Thank you in advance (I can't get access to Stata Forum due to a firewall)
I tried creating variables that identify multi-country IDs and another that reads the country when it is the second or third linked to the same ID
ID | country | var 1 | var 2 |
---|---|---|---|
A1 | AT | 1 | |
A1 | BE | 2 | |
A2 | CZ | ||
A3 | US | 1 | |
A3 | UK | 2 | |
A4 | NZ | 3 |
Here is a solution:
clear
input str2(id country)
"A1" "AT"
"A1" "BE"
"A2" "CZ"
"A3" "US"
"A3" "UK"
"A4" "NZ"
"A4" "US"
end
* Get locals with all country abbreviation and the number of countries
levelsof country, local(countries)
local num_countries : list sizeof countries
* Collapse each project to one row where the last row has all abbreviations
* of countries in that project. Keep only the last row for each project
sort id country
replace country = country[_n-1] + " " + country if id[_n-1] == id
by id : keep if _n == _N
* Get a local with all combination of collaborations
levelsof country, local(combos)
* Loop over each country
foreach country of local countries {
* For each country get a list of collaborations that country is part of
foreach combo of local combos {
if strpos("`combo'","`country'") {
local `country'_colab "``country'_colab' `combo'"
}
}
*Remove duplicates from list
local `country'_colab : list uniq `country'_colab
*Remove the country itself from that country's list
local `country'_colab = subinstr("``country'_colab'","`country'","",.)
*Remove all excessive spaces for no other reason than neatness
local `country'_colab = trim(itrim("``country'_colab'"))
*Display all collaborations
di "Country `country' collaborats with countries: ``country'_colab'"
}
* Clear the original data and create a new data set with one obs per country
clear
set obs `num_countries'
* Create one row and row column for each country.

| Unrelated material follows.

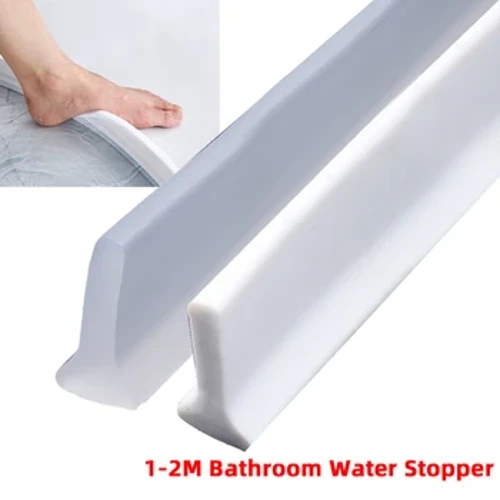 Stopiwr Dŵr Ystafell Ymolchi 1-2M Silicôn Cadw Stribed Cawod Dŵr Rhwystr Llifogydd Argae Sych a Gwlyb Ataliwr Gwahanu Affeithwyr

* Set the default to 0 for no collaboration
gen country = ""
local row = 1
foreach country of local countries {
gen `country' = 0
replace country = "`country'" if _n == `row++'
}
* Go over the list of collaborations for each country and set value to 1
* where the row and column country collaborates
foreach country of local countries {
foreach colab of local `country'_colab {
replace `colab' = 1 if country == "`country'"
}
}
I have not cleared duplicates as you suggested as a preference as I think you get an ambivalent data set as it is not clear for which country you should drop a row and for which you should drop a column.